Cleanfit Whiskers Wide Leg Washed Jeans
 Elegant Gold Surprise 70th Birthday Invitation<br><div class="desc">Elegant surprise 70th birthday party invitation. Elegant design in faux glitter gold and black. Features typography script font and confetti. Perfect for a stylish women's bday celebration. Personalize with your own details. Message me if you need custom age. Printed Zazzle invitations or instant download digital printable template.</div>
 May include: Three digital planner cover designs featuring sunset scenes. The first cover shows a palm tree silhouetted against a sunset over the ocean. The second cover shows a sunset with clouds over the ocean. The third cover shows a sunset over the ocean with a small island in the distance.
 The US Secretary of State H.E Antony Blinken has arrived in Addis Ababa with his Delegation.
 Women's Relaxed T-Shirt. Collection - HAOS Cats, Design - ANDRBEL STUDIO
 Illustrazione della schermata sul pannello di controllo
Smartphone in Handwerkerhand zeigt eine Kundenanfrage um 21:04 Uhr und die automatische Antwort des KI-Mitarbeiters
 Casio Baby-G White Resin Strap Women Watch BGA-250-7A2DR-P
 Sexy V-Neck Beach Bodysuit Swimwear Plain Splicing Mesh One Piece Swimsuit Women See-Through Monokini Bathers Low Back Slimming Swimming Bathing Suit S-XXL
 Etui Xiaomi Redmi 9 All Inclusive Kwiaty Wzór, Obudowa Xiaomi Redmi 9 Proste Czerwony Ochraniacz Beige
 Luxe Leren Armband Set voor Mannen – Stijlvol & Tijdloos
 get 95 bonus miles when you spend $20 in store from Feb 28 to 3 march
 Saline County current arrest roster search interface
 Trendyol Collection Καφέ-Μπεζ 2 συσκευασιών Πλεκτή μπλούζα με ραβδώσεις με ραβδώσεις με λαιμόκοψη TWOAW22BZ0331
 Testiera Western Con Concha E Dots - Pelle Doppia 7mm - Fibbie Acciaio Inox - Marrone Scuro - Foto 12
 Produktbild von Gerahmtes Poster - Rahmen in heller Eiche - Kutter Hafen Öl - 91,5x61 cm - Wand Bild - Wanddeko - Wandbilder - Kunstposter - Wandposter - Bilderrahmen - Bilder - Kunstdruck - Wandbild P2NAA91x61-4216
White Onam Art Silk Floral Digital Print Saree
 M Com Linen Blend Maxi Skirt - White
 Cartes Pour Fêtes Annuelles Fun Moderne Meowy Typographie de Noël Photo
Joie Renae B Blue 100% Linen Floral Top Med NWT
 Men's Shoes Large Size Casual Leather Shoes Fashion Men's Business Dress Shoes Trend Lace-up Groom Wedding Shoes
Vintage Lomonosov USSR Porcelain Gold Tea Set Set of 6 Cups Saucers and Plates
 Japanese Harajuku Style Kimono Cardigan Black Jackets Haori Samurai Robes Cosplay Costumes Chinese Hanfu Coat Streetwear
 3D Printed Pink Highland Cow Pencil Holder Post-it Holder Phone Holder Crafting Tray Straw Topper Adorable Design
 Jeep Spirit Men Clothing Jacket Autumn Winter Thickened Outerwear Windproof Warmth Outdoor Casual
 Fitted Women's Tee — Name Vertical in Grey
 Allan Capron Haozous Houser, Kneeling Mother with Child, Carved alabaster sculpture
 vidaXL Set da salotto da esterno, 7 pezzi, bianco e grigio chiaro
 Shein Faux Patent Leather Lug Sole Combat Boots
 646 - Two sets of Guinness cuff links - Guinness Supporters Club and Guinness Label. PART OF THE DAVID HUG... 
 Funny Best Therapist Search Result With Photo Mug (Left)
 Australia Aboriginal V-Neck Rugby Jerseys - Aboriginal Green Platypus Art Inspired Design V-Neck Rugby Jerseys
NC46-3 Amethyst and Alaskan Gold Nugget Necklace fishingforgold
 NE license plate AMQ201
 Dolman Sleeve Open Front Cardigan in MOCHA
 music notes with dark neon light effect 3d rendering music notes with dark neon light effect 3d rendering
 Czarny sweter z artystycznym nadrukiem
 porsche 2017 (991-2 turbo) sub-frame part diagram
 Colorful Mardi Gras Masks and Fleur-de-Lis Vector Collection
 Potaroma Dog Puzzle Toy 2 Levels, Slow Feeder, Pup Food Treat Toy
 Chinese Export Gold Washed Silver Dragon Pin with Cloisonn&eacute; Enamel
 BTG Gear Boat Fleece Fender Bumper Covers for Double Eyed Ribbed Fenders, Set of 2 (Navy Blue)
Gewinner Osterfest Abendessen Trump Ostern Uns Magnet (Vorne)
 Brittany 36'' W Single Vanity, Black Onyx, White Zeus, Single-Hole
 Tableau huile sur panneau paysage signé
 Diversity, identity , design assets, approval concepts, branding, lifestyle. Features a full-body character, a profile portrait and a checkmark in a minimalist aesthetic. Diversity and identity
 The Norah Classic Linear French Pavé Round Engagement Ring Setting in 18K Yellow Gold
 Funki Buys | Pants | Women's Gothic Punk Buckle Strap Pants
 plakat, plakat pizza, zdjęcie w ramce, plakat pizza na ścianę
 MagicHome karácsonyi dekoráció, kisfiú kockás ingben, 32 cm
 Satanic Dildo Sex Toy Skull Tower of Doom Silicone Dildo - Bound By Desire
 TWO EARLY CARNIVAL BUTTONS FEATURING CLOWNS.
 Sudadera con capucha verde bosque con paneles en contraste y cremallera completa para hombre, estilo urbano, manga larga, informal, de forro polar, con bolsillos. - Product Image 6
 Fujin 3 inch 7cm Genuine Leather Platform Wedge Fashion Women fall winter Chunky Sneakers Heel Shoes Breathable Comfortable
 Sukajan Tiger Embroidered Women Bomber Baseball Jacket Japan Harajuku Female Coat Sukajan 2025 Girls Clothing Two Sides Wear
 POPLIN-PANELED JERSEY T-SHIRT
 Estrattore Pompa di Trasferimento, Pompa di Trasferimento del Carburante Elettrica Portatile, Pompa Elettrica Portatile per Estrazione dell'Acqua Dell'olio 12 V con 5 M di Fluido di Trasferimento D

##############################

### [EXERCISE BRIEF]
Please give an exact copy of the lines above, beginning with the line containing "Smartphone in Handwerkerhand" and running through the line containing "Luxe Leren Armband", and of no other lines.

### [YOUR RESPONSE]
Smartphone in Handwerkerhand zeigt eine Kundenanfrage um 21:04 Uhr und die automatische Antwort des KI-Mitarbeiters
 Casio Baby-G White Resin Strap Women Watch BGA-250-7A2DR-P
 Sexy V-Neck Beach Bodysuit Swimwear Plain Splicing Mesh One Piece Swimsuit Women See-Through Monokini Bathers Low Back Slimming Swimming Bathing Suit S-XXL
 Etui Xiaomi Redmi 9 All Inclusive Kwiaty Wzór, Obudowa Xiaomi Redmi 9 Proste Czerwony Ochraniacz Beige
 Luxe Leren Armband Set voor Mannen – Stijlvol & Tijdloos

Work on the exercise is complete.